Wednesday, December 20, 2006

Billions of memorials

Today is the tenth anniversary of Carl Sagan’s death. In honor of him, Joel Scholsberg has announced a memorial blog-a-thon. Keeping to my area of expertise, I have decided to write about the music included on the Golden Record sent on the Voyager space probes. Carl Sagan chaired the committee that selected the images, sounds, and music recorded on the record. Wikipedia lists the musical selections, confirmed(?) by this Latvian site. The majority of the pieces are World Music, with a sprinkling of classical works (Holbourne's Fairie Round; Bach's Brandenburg Concerto No. 2, Partita No. 3 and Well-Tempered Clavier Prelude-n-Fugue; Mozart's Magic Flute; Beethoven's Fifth Symphony and String Quartet No. 13; and Stravinsky's Rite of Spring) and three pieces of popular music (Louis Armstrong's "Melancholy Blues", Blind Willie Johnson's "Dark Was the Night, Cold Was the Ground", and Chuck Berry's "Johnny B. Goode"). And those three popular pieces span jazz, blues, and rock. The newest composed piece was "Johnny B. Goode" as far as I could tell. I'm not an expert in ethnomusicology, so I don't know the history of most of those songs. So in 1977 the newest piece was over 20 years old, and by now it is over fifty years old. Dr. Sagan and his committee had only six months to pick the music, and clearly had been given the mandate to be as multicultural as possible, as evidenced by the fifty-five languages on the record.
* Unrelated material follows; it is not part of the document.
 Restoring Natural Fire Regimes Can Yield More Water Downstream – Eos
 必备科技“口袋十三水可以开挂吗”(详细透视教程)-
I'm sure the lack of new music was due to a fear of picking the '77 equivalent of Brittney Spears (the Bee Gees?) to send on a billion-year journey.

In related news, a student composer at Sagan's old stomping grounds of Cornell composed a tribute to him. Peter Salvi composed In Memoriam Carl Sagan in 1997 for flute, clarinet, and bassoon.

4 comments:

John Salmon said...

Interesting post.

Considering the musicianship involved, and the, well, lack of popularity, do you think jazz should be included with "popular pieces"?

Scott Spiegelberg said...

At the time of the Hot Sevens, Satchmo was very popular. But it is a standard term of art to distinguish between art music ("classical") and other genres. As for musicianship, I would not discount the abilities of either Blind Willie or Chuck Berry.

Daniel Wolf said...

The Javanese example, Ketawang Puspawarna, is performed by the gamelan of the Pura Paku Alam in Yogyakarta. The leader of the ensemble then, and the musician most responsible for bringing Solonese aspects to the performance style in the 1930's is the remarkable musician KRT Wasitodiningrat, best known to Americans as Pak Cokro (he taught for some years in California). Pak Cokro is still alive, over 100 years old, and has even composed and played a bit in recent years.

Scott Spiegelberg said...

Wow, he sounds quite remarkable. Thanks for that information, Daniel. Do you have much experience with gamelan music?